By Leo Babauta

What big task, project, chore, conversation have you been avoiding facing?

It’s one of the biggest problems in many people’s lives - procrastination is one word for it, but I’ve found that “avoiding” is more accurate. We have something we don’t want to tackle or face, and so we keep ourselves busy and distracted so we can avoid it.

Avoidance, of course, leads to a host of problems, including:

  • If we avoid self-care, exercise, meditation, healthy eating, flossing … it leads to long-term health problems (including mental health stress).

  • Things piling up can cause us to feel stress.

  • Things not being taken care of can cause lots of difficulties as problems get worse.

  • People might start to feel that we’re unreliable.

  • We lose trust in ourselves, and we can often criticize ourselves and be harsh on ourselves.

The last problem, by the way, is something we can address with the practice of trying to always be kind to ourselves. Harshness on ourselves is not useful, and we can transform our relationship to ourselves by practicing kindness as consistently as we can.

But most of the problems above would be best address by getting good at facing and diving into what we’re avoiding.

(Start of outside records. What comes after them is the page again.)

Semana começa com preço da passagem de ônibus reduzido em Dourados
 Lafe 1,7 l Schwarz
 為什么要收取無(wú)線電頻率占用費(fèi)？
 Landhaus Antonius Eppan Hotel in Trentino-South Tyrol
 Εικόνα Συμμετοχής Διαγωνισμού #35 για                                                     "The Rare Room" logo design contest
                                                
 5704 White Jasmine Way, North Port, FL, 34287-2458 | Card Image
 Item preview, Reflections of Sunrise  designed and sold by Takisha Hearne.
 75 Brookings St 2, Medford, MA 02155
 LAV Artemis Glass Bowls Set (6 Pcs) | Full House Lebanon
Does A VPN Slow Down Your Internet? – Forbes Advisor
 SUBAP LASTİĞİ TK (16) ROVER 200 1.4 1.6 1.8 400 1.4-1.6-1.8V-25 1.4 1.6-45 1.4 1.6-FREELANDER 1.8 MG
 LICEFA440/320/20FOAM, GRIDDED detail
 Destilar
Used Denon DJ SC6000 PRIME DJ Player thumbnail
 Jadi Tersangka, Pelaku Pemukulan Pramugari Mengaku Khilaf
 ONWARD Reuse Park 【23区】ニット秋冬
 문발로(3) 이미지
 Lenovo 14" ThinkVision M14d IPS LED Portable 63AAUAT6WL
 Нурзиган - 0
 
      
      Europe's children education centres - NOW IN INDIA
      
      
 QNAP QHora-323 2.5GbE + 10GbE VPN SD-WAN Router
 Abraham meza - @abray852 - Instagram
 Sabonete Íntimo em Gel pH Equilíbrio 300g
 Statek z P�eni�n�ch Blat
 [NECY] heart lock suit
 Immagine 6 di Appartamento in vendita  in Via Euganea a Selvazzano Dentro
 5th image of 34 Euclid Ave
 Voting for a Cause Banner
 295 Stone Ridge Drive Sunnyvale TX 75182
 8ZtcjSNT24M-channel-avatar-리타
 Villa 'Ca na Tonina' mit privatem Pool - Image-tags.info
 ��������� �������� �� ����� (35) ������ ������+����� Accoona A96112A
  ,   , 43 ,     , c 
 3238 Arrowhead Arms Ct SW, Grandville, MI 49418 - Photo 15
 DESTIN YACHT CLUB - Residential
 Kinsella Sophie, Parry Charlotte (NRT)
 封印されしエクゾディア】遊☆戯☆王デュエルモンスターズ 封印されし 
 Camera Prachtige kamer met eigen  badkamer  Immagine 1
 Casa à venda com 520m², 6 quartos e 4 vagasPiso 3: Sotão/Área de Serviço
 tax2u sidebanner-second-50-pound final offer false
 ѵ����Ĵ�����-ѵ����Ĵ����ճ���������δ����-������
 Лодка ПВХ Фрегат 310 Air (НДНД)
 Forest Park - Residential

Imagine Being Good at Tackling What You’re Avoiding

Let’s imagine that you spend 6 months really working on this skill of taking on what you’re avoiding.

You work every day to pick at least one thing you’re avoiding, and you face it head on. You learn to even relish this tackling of hard things. You develop a fearlessness to be with whatever you fear.

What would it be like? If you’re like most people, you’d completely transform the way you operate in the world.

You’d take on the hard tasks. You’d plow through the hard projects. You would be good at habits and taking care of yourself. You might get a lot healthier, a lot more productive, a lot bolder and more confident.

For most people, this would be incredibly powerful. All it takes is daily practice.

The Daily Practice of Taking on What You’re Avoiding

The first thing to do is to make a list. Let’s call it the Crap I’m Avoiding List.

Put everything you’ve been avoiding on the list. A big project, an email you haven’t responded to, your taxes and other finances, going to the doctor to get that thing checked out, calling your mom, having a difficult conversation, catching up on messages, cleaning out the garage, meditating, going for a run.

Look at this list, the Crap I’m Avoiding List. How does each item make you feel? What do they trigger in you? A big part of why we avoid things is because we don’t want to feel the fear and overwhelm these items trigger in us. Not anymore - we’re going to feel it all!

So once you’ve done that, here’s the daily practice:

  1. Pick one thing on the list for today. Ideally, it’s the biggest thing that you’ve been avoiding - the most important thing. However, if that is absolutely too hard right now, and there’s no way you’ll do it … then pick the biggest thing that you will actually do. Even a small thing, like an errand. The key is to pick something you’ll actually be able to do. I recommend choosing this item the evening before, actually, so you’ll be ready to do it the next day.

  2. Tackle it as early as possible. Ideally, you’ll block off a chunk of time to do it - let’s say 8-8:30 am. But if not, just do it as early in the day as you possibly can. For example, when you wake up, maybe you use the bathroom, get ready, check your email and messages. Well, right after all of that, tackle the item you chose. Resist the urge to delay starting.

  3. Let yourself feel the fear for a moment. Pause at the beginning and feel the uncertainty, fear, overwhelm from this task. Let yourself feel it in your body, as a sensation. With practice, we can become intimate with our fear, open to being with it, instead of needing to run from it. We can courageously allow ourselves to feel the fear, rather than avoiding feeling.

  4. Now dive in. After feeling, it’s time for action. Remember why you’re doing this - is it to make your life better? To serve people? To reduce stress? To make someone happier? To survive? Remember the bigger Why, and then take the first step. Write one sentence of that email response you’ve been putting off. Put away one item from the cluttered garage you want to clear out. Take one small action, then another.

  5. Notice that your world hasn’t collapsed. It can be easy to feel overwhelmed, even panicky, when we face a task we’ve been avoiding. But as you do it, notice that you’re completely fine. You’re still alive, the world hasn’t crumbled, you aren’t in mortal danger. You’re tackling the task and you’re OK. You might be still feeling the fear or overwhelm, but it’s nothing to panic about. You can feel the fear, do the action, and nothing bad happens. You’re being courageous, and you should celebrate that!

Keep at it, for at least a few minutes. Maybe 5-10 minutes. Maybe 20-30 minutes. See if you can do it for a little longer than you think you can - if you feel like stopping, let yourself do it a little longer than that. Maybe do that twice - you feel like quitting, but you keep going - before allowing yourself to stop on the third time you have the urge to quit. This trains you to push into discomfort a little more than you think you can, without it being too crazy.

Practice this at least once a day. If you feel like you have extra energy and courage, practice it 2-3 times in a day. But once a day, at the least. With this kind of practice, you’ll get so good at facing what you’re avoiding, that your entire life will start to transform.